HB 1711 Where's The Fire? - Granite Grok

HB 1711 Where’s The Fire?

Campfires still need permits - HB 1711 would not require themIf you want to rub two sticks together around here, you have to go get a burn permit. So I leave my house in a 4000 pound (ish) SUV, drive 5 miles to the nearest Fire Station, and then hand the Fire-Fighter my ID. (If I was just doing something as unimportant as, say voting, they could just check my name off a list.)

He fills out a form, hands it to me, and reminds me not to burn before 5pm.  I get back in my SUV, drive home and, at the appointed time, burn.  There are very few variables to this formula, and almost any fire requires  a permit.  But unless you lose control of it, no one ever stops by to check on you, even if you use the permit to start the fire.
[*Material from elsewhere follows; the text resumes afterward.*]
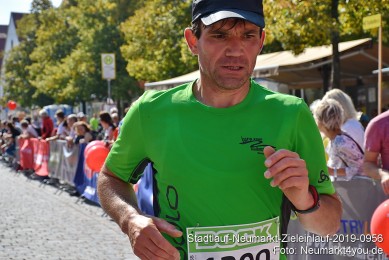 Stadtlauf-Neumarkt-Zieleinlauf-2019-0956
HB 1711 makes the bold assertion that some camp and cook fires, that you start on your property, should be permissible without all the four-play.  And yet for some reason, it appears to have come out of committee as inexpedient to legislate?  Why?

The new language seems simple enough…

Category one camp or cooking fires may be kindled on private property without a permit or written permission of the forest fire warden or acting agent of the town in which the fire is to be kindled if no fire drought warning has been issued and as long as such fires are kindled in suitable places where they will not endanger woodlands. For purposes of this paragraph, “category one fire” means a small controlled fire, such as a camp or cooking fire, no greater than 2 feet in diameter within a ring of fire resistant material or in a permanent or portable fireplace.

My first guess was that the committee prefers to leave this as a matter for local control, but the state statute already denies a large measure of interpretation.  Towns must be at least as strict as the statute and no one changed the bill to open up the options for towns to make their own call.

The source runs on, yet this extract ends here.